Continuing with our example, let’s say that we created an ntp role that configures a host to synchronize its time with an NTP server. Ansible allows us to pass parameters to dependent roles, so let’s also assume that we can pass the NTP server as a parameter to that role.

We’d specify that the web role depends on the ntp role by creating a roles/web/meta/main.yml file and listing it as a role, with a parameter, as shown in Example 8-14.

Example 8-14. roles/web/meta/main.yml

dependencies:

- { role: ntp, ntp_server=ntp.ubuntu.com }

We can also specify multiple dependent roles. For example, if we had a django role for setting up a Django web server, and we wanted to specify nginx and memcached as dependent roles, then the role metadata file might look like Example 8-15.

Example 8-15. roles/django/meta/main.yml

dependencies:

- { role: web }

- { role: memcached }

For details on how Ansible evaluates the role dependencies, check out the official Ansible documentation on role dependencies.

Ansible Galaxy

If you need to deploy an open source software system onto your hosts, chances are somebody has already written an Ansible role to do it. Although Ansible does make it easier to write scripts for deploying software, some systems are just plain tricky to deploy.

Whether you want to reuse a role somebody has already written, or you just want to see how someone else solved the problem you’re working on, Ansible Galaxy can help you out. Ansible Galaxy is an open source repository of Ansible roles contributed by the Ansible community. The roles themselves are stored on GitHub.

Web Interface

You can explore the available roles on the Ansible Galaxy site. Galaxy supports freetext searching and browsing by category or contributor.

Command-Line Interface

The ansible-galaxy command-line tool allows you to download roles from Ansible Galaxy.

Installing a role

Let’s say I want to install the role named ntp, written by GitHub user bennojoy. This is a role that will configure a host to synchronize its clock with an NTP server.

Install the role with the install command.

$ ansible-galaxy install -p ./roles bennojoy.ntp

The ansible-galaxy program will install roles to your systemwide location by default (see “Where Does Ansible Look for My Roles?”), which we overrode in the preceding example with the -p flag.

The output should look like this:

downloading role 'ntp', owned by bennojoy

no version specified, installing master

- downloading role from https://github.com/bennojoy/ntp/archive/master.tar.gz

- extracting bennojoy.ntp to ./roles/bennojoy.ntp

write_galaxy_install_info!

bennojoy.ntp was installed successfully

The ansible-galaxy tool will install the role files to roles/bennojoy.ntp.
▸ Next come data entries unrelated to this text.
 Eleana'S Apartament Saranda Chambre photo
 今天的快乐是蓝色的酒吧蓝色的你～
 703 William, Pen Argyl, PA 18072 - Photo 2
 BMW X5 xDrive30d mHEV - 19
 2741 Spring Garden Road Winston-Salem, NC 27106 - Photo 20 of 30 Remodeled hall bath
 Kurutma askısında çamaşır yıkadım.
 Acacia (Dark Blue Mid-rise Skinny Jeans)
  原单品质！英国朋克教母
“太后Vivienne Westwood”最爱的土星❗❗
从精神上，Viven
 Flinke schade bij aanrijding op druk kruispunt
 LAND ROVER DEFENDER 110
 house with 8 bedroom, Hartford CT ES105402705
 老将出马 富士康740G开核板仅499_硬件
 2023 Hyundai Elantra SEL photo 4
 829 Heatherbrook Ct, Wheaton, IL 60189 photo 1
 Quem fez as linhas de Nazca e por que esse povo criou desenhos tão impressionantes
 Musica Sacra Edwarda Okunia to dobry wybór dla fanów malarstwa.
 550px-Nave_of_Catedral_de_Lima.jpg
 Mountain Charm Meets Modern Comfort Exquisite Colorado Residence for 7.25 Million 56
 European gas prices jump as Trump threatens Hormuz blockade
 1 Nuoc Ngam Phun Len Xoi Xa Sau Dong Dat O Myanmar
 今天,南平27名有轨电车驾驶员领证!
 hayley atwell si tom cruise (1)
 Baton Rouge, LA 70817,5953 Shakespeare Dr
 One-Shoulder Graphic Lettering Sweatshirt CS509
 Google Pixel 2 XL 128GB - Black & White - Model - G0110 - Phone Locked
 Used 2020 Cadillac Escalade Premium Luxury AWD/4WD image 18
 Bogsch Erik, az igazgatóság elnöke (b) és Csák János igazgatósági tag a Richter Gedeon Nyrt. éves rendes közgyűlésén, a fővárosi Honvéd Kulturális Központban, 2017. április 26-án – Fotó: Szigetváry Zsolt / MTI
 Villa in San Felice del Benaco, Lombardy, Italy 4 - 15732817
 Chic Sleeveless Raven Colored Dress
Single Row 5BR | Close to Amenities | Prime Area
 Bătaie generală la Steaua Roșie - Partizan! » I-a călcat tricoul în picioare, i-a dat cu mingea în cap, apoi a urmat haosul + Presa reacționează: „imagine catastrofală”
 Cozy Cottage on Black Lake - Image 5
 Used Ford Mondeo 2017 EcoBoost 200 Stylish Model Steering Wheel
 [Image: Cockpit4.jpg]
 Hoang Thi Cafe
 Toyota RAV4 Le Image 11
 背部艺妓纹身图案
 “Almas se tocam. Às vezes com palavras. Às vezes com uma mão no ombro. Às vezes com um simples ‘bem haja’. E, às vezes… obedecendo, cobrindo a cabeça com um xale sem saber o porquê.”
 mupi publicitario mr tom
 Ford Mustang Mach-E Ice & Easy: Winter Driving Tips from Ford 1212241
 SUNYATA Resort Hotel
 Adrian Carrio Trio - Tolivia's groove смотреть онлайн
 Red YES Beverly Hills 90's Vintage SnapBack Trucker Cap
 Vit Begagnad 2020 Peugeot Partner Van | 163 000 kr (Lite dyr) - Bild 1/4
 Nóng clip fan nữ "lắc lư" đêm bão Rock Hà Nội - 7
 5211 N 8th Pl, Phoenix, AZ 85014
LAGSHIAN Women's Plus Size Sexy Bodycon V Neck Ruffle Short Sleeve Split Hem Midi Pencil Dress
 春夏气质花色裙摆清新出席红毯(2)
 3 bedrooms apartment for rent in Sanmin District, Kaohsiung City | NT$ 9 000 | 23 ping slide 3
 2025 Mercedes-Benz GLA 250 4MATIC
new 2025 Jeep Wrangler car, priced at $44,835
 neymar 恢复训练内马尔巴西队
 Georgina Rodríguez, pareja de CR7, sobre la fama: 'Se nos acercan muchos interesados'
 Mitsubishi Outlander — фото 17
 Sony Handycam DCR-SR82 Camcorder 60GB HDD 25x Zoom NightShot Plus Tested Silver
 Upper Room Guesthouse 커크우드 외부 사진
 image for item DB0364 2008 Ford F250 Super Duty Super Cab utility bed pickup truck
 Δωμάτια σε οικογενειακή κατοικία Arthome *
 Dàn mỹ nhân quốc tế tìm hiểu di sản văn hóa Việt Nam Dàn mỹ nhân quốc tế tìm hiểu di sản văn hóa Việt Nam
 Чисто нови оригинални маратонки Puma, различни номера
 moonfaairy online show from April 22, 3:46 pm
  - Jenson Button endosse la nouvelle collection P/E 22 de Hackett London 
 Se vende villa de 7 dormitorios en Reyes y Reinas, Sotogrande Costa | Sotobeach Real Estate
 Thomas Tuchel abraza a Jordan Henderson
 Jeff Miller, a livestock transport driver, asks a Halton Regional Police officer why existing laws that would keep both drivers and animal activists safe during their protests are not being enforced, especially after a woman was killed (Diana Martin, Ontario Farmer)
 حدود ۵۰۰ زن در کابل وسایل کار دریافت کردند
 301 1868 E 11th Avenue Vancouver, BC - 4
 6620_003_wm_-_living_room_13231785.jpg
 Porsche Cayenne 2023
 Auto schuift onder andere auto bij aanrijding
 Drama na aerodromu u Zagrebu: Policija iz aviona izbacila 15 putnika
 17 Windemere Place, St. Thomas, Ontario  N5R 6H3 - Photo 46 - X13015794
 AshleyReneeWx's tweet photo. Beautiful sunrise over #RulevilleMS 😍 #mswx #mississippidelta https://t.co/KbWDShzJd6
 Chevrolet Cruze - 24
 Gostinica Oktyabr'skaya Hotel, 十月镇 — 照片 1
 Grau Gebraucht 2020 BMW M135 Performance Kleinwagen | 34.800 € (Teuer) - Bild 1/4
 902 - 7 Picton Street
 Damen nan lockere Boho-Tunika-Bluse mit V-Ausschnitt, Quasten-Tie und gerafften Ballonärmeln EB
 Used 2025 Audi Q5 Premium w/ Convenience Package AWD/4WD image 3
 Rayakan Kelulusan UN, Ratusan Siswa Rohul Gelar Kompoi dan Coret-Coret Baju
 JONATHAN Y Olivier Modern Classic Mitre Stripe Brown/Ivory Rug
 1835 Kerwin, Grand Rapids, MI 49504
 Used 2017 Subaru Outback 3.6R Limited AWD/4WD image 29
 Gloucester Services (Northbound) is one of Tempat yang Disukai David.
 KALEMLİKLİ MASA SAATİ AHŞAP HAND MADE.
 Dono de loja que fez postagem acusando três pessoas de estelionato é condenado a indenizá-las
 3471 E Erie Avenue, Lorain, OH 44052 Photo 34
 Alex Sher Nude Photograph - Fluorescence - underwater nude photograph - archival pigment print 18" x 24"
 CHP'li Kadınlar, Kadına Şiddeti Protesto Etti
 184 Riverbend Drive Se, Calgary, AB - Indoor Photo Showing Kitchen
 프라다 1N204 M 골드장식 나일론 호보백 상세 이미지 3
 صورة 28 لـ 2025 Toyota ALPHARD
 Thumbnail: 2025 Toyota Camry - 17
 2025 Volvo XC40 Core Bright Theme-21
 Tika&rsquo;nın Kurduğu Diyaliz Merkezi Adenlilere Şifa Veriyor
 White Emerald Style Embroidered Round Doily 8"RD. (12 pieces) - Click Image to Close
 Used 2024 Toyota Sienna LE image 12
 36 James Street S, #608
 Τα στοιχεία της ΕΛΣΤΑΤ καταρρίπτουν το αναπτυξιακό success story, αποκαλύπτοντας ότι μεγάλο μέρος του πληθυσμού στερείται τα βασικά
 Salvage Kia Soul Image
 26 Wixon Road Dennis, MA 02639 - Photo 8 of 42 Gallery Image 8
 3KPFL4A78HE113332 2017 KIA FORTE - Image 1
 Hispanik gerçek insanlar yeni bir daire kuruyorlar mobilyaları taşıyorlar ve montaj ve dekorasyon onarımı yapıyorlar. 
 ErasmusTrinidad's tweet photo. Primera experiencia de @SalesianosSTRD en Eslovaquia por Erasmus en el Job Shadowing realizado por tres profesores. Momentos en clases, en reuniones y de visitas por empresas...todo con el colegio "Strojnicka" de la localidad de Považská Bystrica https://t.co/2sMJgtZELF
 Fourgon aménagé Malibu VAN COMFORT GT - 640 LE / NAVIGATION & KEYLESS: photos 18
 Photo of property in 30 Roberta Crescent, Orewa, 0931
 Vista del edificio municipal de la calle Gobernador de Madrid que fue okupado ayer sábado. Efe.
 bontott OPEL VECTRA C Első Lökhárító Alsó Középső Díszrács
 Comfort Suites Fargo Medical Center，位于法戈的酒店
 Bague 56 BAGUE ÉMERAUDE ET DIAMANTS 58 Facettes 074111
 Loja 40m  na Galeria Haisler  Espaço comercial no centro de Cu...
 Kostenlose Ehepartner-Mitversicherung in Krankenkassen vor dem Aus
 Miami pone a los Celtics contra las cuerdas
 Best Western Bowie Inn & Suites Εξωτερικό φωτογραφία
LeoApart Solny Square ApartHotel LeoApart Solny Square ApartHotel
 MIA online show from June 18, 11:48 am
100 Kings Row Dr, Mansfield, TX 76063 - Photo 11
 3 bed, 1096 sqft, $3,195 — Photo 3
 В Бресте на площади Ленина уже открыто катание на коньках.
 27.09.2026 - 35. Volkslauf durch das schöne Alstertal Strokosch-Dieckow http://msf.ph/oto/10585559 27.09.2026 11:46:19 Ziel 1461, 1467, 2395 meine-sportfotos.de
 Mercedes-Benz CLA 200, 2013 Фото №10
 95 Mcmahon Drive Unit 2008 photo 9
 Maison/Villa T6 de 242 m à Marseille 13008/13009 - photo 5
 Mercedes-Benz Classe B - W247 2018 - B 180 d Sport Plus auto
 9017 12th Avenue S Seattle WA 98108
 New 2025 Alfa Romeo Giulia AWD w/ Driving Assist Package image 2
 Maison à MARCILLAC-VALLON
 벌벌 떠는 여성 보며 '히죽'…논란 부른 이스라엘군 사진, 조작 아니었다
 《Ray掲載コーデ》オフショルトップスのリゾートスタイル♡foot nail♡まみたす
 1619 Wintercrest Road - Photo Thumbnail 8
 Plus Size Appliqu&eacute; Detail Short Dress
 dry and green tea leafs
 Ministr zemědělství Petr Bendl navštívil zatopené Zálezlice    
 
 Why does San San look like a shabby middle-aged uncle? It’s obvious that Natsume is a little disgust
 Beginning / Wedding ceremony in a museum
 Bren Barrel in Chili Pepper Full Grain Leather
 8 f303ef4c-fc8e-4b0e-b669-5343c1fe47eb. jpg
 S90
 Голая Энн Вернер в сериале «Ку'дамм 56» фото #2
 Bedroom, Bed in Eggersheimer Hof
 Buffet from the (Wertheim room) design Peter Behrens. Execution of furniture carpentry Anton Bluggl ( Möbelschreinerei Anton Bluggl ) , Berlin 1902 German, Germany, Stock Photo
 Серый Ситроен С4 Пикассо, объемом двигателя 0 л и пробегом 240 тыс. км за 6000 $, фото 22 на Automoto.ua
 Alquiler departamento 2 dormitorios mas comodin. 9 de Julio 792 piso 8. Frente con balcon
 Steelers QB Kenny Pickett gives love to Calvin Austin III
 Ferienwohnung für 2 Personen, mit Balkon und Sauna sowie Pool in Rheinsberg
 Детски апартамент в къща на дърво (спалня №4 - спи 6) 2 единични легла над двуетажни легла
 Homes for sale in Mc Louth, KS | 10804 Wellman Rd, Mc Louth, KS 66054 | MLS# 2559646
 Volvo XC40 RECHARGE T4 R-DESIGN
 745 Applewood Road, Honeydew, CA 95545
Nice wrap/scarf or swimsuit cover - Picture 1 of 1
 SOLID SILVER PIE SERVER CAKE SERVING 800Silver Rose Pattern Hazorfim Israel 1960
Ansible will install some metadata about the installation to the ./roles/bennojoy.ntp/meta/.galaxy_install_info file. On my machine, that file contains:

{install_date: 'Sat Oct 4 20:12:58 2014', version: master}

NOTE

The bennojoy.ntp role does not have a specific version number, so the version is simply listed as “master.” Some roles will have a specific version number, such as 1.2.

List installed roles

You can list installed roles by doing:

$ ansible-galaxy list

Output should look like this:

bennojoy.ntp, master

Uninstall a role

Remove a role with the remove command:

$ ansible-galaxy remove bennojoy.ntp

Contributing Your Own Role

See “How To Share Roles You’ve Written” on the Ansible Galaxy website for details on how to contribute a role to the community. Because the roles are hosted on GitHub, you’ll need to have a GitHub account to contribute.

At this point, you should now have an understanding of how to use roles, how to write your own roles, and how to download roles written by others. Roles are a great way to organize your playbooks. I use them all the time, and I highly recommend them.

1 NTP stands for Network Time Protocol, used for synchronizing clocks.